Talvez os haja. Como há quem goste de ter bolas de bilhar enfiadas na boca durante o sexo enquanto levam tareias. Mas isso é lá com cada um – pelo menos até que a JSD, pela voz o deputado Hugo Soares, decida referendá-lo, uma vez que, segundo o próprio, todos os direitos fundamentais podem ser referendados. O direito a ser um imbecil também.
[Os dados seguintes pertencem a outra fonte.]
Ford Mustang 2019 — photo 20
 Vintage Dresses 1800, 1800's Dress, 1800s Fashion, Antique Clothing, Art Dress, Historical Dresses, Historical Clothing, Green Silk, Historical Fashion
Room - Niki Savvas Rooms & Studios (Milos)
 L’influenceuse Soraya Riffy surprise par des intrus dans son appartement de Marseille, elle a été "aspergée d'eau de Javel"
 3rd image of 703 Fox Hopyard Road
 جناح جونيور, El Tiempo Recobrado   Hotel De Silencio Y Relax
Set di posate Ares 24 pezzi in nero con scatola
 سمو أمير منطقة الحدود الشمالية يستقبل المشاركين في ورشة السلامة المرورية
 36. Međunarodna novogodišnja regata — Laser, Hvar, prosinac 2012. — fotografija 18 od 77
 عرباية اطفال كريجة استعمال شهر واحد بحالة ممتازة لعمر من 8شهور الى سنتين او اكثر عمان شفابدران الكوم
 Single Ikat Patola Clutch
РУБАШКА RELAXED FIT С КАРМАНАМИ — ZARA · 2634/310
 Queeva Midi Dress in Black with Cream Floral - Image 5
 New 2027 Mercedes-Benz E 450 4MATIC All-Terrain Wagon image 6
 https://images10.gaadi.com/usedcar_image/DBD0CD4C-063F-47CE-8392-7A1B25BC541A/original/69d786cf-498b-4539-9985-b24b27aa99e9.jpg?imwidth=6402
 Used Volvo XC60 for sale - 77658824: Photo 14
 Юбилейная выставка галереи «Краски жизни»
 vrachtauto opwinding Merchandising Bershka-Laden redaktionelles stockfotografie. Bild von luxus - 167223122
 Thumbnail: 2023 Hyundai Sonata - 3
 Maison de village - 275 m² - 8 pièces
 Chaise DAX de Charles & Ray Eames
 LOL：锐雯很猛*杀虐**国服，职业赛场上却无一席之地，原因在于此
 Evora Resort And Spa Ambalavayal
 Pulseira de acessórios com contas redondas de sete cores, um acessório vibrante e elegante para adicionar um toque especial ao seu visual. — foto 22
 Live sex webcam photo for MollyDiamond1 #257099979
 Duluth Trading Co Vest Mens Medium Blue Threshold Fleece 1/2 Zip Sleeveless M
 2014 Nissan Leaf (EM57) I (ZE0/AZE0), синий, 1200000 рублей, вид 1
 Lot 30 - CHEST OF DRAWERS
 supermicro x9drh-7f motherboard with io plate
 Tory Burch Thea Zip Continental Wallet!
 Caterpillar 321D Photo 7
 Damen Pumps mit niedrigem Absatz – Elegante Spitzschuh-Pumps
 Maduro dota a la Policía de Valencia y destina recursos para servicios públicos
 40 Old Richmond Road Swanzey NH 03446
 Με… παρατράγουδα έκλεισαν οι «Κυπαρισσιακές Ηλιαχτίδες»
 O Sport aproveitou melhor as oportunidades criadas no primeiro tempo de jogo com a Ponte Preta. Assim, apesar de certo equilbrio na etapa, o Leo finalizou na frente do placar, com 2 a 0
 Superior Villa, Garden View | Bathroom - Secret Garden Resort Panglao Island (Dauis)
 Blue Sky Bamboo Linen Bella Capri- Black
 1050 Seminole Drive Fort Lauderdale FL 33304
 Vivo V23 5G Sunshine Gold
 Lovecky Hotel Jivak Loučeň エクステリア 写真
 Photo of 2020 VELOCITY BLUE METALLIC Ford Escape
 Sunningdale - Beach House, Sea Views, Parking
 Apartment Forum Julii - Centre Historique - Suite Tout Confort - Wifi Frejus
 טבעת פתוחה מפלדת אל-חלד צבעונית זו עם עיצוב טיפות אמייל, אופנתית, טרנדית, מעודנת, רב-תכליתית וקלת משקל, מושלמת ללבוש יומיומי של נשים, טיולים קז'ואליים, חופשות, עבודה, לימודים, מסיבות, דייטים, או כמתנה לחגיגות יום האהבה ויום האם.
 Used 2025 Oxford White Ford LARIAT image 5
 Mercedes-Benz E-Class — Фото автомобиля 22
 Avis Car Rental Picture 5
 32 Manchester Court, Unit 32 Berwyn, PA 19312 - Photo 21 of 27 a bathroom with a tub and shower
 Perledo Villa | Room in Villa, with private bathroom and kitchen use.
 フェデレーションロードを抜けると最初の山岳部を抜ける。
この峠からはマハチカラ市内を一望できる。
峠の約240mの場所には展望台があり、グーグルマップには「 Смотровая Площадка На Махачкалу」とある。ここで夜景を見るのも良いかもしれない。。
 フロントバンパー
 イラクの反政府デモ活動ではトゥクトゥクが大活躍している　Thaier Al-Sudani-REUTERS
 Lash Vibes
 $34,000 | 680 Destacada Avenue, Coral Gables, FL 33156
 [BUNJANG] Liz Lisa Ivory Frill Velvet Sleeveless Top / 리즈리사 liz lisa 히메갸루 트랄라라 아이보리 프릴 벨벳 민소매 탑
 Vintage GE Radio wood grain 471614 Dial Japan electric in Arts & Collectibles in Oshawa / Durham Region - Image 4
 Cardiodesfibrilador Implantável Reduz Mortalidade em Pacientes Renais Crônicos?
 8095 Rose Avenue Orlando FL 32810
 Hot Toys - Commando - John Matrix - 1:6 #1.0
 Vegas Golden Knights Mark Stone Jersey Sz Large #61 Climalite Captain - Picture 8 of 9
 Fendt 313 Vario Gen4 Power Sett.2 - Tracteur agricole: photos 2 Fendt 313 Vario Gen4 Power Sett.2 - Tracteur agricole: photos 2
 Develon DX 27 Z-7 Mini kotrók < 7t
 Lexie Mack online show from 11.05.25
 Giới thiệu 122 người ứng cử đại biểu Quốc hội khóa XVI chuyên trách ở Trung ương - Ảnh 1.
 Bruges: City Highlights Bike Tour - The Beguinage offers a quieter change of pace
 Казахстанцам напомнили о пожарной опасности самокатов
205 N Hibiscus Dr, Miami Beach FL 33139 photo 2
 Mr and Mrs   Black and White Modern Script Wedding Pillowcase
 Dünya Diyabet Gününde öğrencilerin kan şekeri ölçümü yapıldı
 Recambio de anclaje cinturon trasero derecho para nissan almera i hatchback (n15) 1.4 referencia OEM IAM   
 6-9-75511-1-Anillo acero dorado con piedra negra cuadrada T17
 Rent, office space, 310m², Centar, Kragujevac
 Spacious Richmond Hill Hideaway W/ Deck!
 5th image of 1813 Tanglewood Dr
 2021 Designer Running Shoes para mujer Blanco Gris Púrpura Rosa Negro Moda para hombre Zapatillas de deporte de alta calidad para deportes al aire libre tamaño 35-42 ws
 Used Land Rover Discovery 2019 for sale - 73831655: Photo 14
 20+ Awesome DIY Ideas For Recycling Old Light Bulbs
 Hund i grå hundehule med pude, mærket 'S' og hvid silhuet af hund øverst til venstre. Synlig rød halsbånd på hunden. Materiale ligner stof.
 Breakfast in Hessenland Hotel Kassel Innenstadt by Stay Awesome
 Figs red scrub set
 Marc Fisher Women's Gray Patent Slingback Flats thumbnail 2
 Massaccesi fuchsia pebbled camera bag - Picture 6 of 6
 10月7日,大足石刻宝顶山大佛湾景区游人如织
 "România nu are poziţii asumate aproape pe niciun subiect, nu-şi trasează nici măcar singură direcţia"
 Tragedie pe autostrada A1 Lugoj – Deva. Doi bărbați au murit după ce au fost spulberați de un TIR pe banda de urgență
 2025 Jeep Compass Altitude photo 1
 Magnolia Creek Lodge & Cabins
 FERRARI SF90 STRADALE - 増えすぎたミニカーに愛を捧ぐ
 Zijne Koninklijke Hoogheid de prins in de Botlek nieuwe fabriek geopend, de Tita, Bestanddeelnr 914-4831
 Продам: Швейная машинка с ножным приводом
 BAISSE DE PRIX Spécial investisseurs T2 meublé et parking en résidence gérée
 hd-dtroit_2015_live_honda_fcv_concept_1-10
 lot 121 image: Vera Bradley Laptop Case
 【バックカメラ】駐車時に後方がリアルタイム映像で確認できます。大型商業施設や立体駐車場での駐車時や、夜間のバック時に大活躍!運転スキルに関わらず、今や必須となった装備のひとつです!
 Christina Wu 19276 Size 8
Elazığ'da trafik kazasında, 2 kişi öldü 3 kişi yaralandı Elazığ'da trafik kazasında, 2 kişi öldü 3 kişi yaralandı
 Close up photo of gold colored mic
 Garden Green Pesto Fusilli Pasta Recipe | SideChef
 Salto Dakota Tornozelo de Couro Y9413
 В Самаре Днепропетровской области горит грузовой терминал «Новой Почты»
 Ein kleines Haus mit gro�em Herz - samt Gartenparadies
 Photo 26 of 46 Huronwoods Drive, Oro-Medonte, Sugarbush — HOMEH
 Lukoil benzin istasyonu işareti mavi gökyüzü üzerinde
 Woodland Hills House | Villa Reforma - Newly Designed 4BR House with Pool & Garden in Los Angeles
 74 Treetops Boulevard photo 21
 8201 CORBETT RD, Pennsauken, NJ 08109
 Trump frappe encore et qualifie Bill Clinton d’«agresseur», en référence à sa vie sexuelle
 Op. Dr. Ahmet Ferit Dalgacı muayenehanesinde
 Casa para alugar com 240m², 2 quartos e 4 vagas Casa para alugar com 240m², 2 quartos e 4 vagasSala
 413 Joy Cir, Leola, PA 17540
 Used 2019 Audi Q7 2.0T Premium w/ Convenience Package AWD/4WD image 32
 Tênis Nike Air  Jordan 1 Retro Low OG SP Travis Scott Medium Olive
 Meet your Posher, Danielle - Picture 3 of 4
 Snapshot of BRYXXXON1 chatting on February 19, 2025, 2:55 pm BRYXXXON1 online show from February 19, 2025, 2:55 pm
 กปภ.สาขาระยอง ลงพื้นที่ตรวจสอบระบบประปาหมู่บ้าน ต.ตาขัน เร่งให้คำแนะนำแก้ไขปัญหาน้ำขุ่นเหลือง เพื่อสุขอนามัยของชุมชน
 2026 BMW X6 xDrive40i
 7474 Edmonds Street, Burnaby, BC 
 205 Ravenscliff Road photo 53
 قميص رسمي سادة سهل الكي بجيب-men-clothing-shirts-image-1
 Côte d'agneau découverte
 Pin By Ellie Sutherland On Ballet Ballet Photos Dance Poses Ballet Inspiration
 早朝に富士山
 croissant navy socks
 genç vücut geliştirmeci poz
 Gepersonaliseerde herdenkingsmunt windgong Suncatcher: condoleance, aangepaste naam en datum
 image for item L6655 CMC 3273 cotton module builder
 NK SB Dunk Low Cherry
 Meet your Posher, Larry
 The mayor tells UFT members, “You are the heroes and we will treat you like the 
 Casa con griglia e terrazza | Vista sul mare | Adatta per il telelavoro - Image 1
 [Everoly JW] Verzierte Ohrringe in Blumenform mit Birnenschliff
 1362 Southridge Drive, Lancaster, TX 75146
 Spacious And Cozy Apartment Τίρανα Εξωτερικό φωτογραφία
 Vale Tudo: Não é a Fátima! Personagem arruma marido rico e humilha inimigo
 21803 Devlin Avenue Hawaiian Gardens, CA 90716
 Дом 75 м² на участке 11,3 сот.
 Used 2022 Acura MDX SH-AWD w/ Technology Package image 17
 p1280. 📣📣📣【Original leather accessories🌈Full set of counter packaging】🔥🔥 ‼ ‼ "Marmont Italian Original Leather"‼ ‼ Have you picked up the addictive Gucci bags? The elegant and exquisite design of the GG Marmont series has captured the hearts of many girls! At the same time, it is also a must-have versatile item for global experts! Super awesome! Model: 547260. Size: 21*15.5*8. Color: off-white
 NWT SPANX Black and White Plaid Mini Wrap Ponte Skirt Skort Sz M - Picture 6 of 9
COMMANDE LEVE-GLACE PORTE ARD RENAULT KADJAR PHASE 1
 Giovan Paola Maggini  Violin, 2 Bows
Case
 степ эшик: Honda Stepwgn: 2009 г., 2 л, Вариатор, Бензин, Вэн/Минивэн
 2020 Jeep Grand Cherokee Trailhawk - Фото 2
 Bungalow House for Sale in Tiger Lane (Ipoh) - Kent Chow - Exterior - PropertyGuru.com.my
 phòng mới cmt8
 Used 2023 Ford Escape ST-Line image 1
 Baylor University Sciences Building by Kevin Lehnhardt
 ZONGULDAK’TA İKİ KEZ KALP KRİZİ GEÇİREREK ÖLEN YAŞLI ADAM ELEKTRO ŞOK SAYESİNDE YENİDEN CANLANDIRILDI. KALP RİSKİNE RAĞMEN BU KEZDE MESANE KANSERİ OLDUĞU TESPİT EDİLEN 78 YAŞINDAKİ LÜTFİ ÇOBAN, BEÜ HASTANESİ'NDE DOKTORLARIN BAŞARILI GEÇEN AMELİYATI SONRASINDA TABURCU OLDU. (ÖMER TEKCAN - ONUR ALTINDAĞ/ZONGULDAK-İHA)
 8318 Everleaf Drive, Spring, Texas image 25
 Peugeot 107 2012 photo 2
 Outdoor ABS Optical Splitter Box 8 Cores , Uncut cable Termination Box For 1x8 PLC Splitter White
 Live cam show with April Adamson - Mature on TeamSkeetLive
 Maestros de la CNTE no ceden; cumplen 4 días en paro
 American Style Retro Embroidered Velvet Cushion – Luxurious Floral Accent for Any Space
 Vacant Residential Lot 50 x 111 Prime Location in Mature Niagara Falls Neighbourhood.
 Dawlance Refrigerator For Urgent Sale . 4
No romance, de 1981, Gabo pega em 2014 e descreve-o: fomos e somos constantemente avisados sobre o que vai acontecer na saúde, na educação, nos direitos. Mas optamos por ignorar os sinais que todos os dias nos são enviados de restrições dos direitos mais básicos, como em Espanha, Alemanha, Irlanda, França, entre outros, e o avanço de um fascismo reconfigurado que ganha terreno por toda a Europa. Teimamos é em não acreditar que pode acontecer-nos o que aconteceu a Santiago Nasar.